We show that a gene-desert region at 13q21 of approximately 3.9 Mb in size possesses an inherent potential to form evolutionarily new centromeres over, at least, approximately 95 million years of mammalian evolution. The striking absence of genes may represent an important property, making the region tolerant to the extensive pericentromeric reshuffling during subsequent evolution. Comparison of the pericentromeric organization of chromosome 13 in four Old World monkey species revealed many differences in sequence organization.

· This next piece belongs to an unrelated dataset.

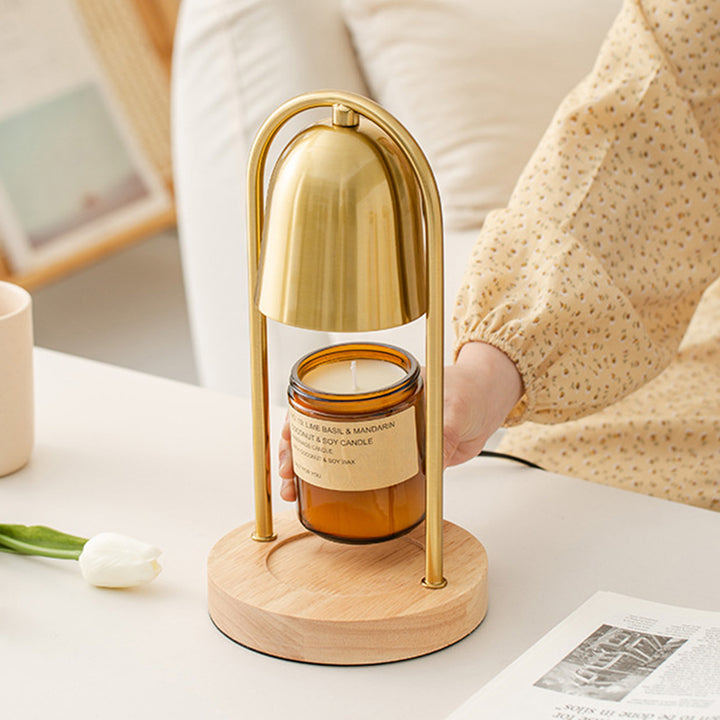 Moderne minimalistische Glockenrunde Zylinder Eisen Holz Marmor 1-Licht schmelzende Wachstischlampe für das Schlafzimmer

The region contains clusters of duplicons showing peculiar features.
Human neocentromeres are functional, analphoid centromeres that emerge epigenetically in ectopic chromosomal regions [1–4]. In the majority of cases, neocentromeres appear to rescue the mitotic stability of acentric chromosomal fragments, often giving rise to aneuploidy . Studies on the evolutionary history of human chromosomes have shown that the centromere can reposition along the chromosome without marker order variation or leading to aneuploidy. This phenomenon is known as 'centromere repositioning' (CR) and has been reported in primates [6–11], in non-primate placental mammals [12, 13], marsupials , birds , and plants .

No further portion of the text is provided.